The idea for Gnomes & Goblins came to Favreau in one feverish night last summer after he visited the Wevr offices to view its immersive ocean experience, theBlu. He was still in the middle of working on Jungle Book, but he went home and wrote down what he describes as pages of an idea for a fantasy world that expanded the longer a person explored. “I was very impressed by how far the technology had come and what later was explained to me as something called ‘presence,’ which is where your brain is fooled into thinking it’s experiencing something real, even though intuitively it’s not,” Favreau says, munching on tacos created by friend Roy Choi’s Kogi truck during a preview of Gnomes & Goblins at Wevr’s headquarters.
Wevr quickly got behind the project, with theBlu director Jake Rowell signing up as creative director for Gnomes & Goblins.
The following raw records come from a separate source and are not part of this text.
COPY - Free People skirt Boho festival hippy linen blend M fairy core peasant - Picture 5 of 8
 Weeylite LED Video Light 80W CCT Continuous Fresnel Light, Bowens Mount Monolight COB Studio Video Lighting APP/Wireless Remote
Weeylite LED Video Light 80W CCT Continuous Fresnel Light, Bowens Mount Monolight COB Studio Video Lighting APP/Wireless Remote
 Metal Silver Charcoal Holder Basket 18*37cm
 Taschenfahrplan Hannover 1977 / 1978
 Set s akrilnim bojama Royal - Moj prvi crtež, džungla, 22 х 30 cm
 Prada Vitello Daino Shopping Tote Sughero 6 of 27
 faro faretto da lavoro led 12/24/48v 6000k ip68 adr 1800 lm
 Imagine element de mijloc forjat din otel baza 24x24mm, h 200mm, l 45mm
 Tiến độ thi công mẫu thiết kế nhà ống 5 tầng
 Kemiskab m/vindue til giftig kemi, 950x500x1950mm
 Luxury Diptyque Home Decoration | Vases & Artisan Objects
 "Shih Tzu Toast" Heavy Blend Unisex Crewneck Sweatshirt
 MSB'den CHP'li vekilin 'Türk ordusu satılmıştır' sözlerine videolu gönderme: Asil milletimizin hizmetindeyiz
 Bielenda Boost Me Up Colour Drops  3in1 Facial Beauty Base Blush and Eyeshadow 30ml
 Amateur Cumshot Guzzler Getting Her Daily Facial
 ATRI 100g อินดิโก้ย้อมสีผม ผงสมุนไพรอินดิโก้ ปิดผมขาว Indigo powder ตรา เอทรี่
Andy Jones, animation effects supervisor on Jungle Book and the person who first introduced Favreau to Wevr, joined as animation director. It started with Favreau’s sketch of the goblin and his notes about a world made up of communities of gnomes and goblins. “I kind of worked out a set of rules and magical ability you could acquire, but all of it hinging on a very organic relationship between you and these creatures,” he explains, adding that from early on he was concerned with “how you would be able to move through it without feeling like you’re in a game using controllers.”
For Wevr, the project presented an opportunity to capture attention in a still burgeoning space. The six-year-old company, which has produced a meditation simulation with Deepak Chopra as well as several live-action projects, has received funding from HTC, Samsung Ventures and others to produce original VR projects and build up distribution platform Transport.
“As a studio, we’re committed to figuring out how we can push the boundaries of this medium to discover and learn and accelerate our exploration of what storytelling means — what’s possible, what isn’t,” says co-founder and CEO Neville Spiteri. He points to the goblin character in the preview and the challenge of making it interactive. He says the goal of the project was to ask and, hopefully, answer questions such as, “How do we tease out emotion from this character? How do we create a digital character that can almost perform like an actor?”
Favreau notes that Gnomes & Goblins is meant to combine elements of both gaming and filmmaking. “There’s people who come from a gaming background who see the gaming potential [of VR], and there’s people who come from a cinema background that see how they can expand it,” he says. “But to me everything in between is the Oklahoma land grab. You can stake out a little piece of land in the middle of this that’s unique.”
Initially, Gnomes & Goblins will be available only for the Vive, an $800 product that creates what’s called a “room scale” experience because it turns a physical space into a VR tableau using sensors. But it is expected to reach other platforms later in the year. And Favreau indicates he wouldn’t mind taking the project on tour, showcasing it around the country to people who don’t own the Vive. “It’s a lot to ask people to dive in at this point,” he concedes, adding that he only expects the market to grow.
The preview for Gnomes & Goblins takes about 10 minutes to play, but eventually the idea is what Favreau describes as “like Disneyland, where you build more and more out.” He explains that the world will be customizable, meaning that changes that a viewer makes while playing will remain constant and things will change while the viewer is away from the world. “There’s a fun aspect to a world that you can keep revisiting where you have friends you get to know and things you change within the world,” he adds. “To me that’s the promise of the simulation aspect of VR, where you’re not just seeing the same movie play over and over again but you’re affecting the world. That, I think, is a missing puzzle piece for me.”